For as much I’ll crow about how superbly this show works as an allegory or an opera or what not, I’d be remiss not to note how the other side of that sometimes brings leaps of logic and characterization in the service of making the point. In this episode, you know that painter’s got to meet some tragic end because… well… that’s what’s happening to everybody kind soul in this world. However, for that to happen, he’s got to face these evil bots alone and, for that to happen, he’s got be separated from this uber-destructive-yet-still-compassionate killing machine, Casshern.
Yeah, the scene where this cripple’s getting beaten down by these jerks pushed the right buttons, but I couldn’t stop thinking about how the show cheated to get there. He and Casshern got separated long enough for him to get jumped, but not long enough for Casshern to come back and wreck these goons before they were done? What, was Casshern lingering back and admiring the texture of the all-white paintings?

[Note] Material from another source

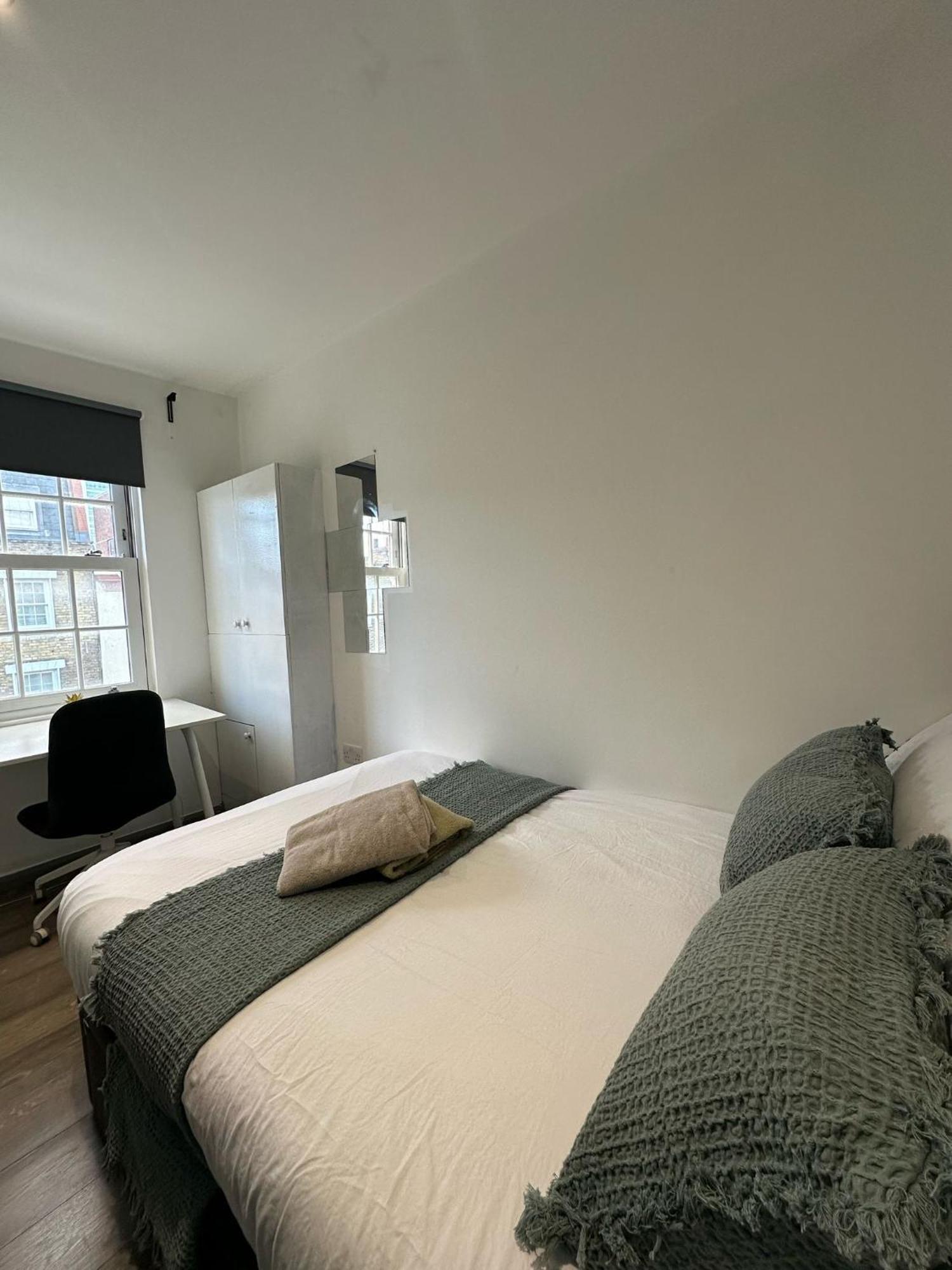 "Euston Comfort" 3 Bedroom Flat In Kings Cross, St Pancras!!!!118B Лондон Экстерьер фото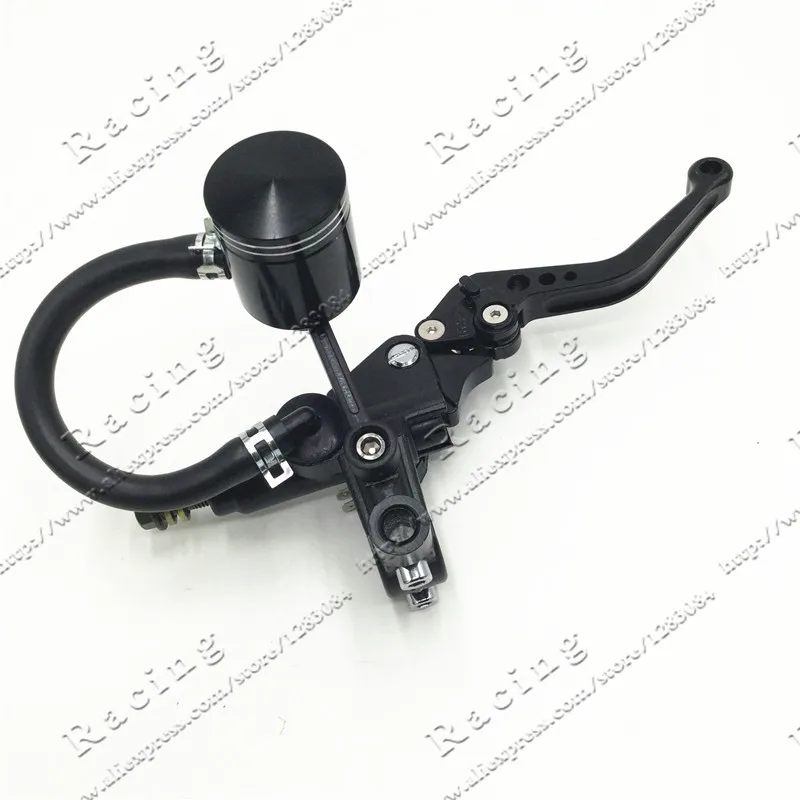 Гидравлический тормозной рычаг для кроссового велосипеда питбайка с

Hell, even showing that would’ve gone a long way to make this twist seem a little more reasonable. It would’ve even added just a pinch of self-aware comic relief, too, to the all-too-earnest thread about how this guy’s really pushing the definitions of creativity with his “modern art exhibit.”
(While we’re on the subject, that’s another downside of allegories like this. SINS has largely been colorful and vibrant enough to avoid being too dour, so far, though).
See kids? I’m not saying this is a totally perfect show, all right?